Friday, April 18, 2003 9:55 PM
What is the major difference (if it is one) about LSMs and LIMs. Superman: The Escape has LSMs. Volcano has LIMs. LIM stands for Linear Induction Motor. What does LSM stand for?
Friday, April 18, 2003 10:06 PM
Linear Synchronous Motor
Friday, April 18, 2003 11:42 PM
Somebody explained it to me once (very very simply) that LIMs are magnet to metal and LSMs are magnet to magnet.
Saturday, April 19, 2003 5:19 AM
A synchronous motor uses permanent magnets (mounted on the train in this case) The field coils (electromagnets) on the track then in effect push and pull on the permanent magnet.
A linear induction motor doesn't have any permanent magnet. Instead there is a reaction fin (rotor on a roatating motor) mounted on the train. The magnetic fields from the electromagnets cause "induced" electric currents to circulate in the fins turning the fins into electromagents. The two sets of magnetic fields then interact to produce motion.

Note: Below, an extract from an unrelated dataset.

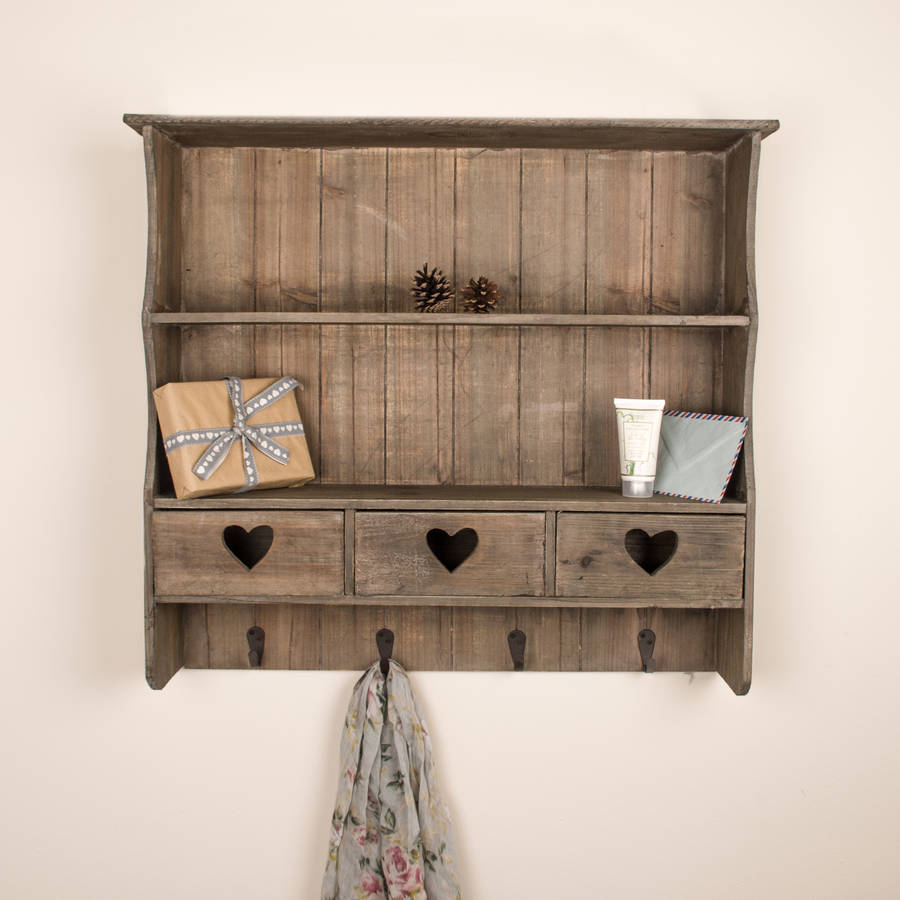 wooden shelving unit with storage drawers by dibor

The induction motor is more difficult to understand, but most of the motors in you home are induction motors. IE Washer, dryer, fans, airconditioner. Synchronous permanenet magnet AC motors are relatively rare. You'll find lots of permanent magnet motors in your car, but they are a different animal since they run on DC power.
Saturday, April 19, 2003 8:20 AM
Also LSMs use a lot less power than LIMs.

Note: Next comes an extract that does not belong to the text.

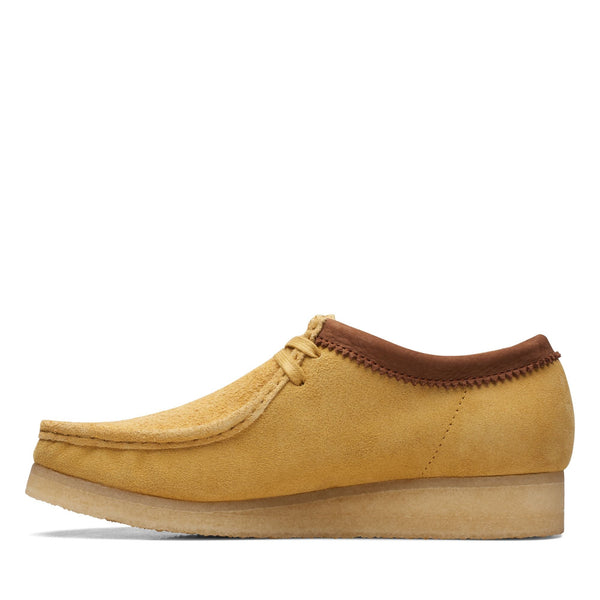 [26170536] MENS CLARKS WALLABEE LOW - YELLOW COMBI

Favorite Wood: Viper at SFGAM,Shivering Timbers
Favorite Steel: Magnum and Raging Bull
Saturday, April 19, 2003 7:03 PM
To add to what Jim said regarding LSM, Vekoma uses the following method with LSM: instead of mounting the permanent magnets on the train itself, instead, they are mounted on a pusher cart. The pusher cart in turn push (or if you prefer, launch) the train. If you ride Rock n Roller Coaster at WDW, if you are lucky, when in the launch waiting zone, in the front row, you sometimes see the cart coming back.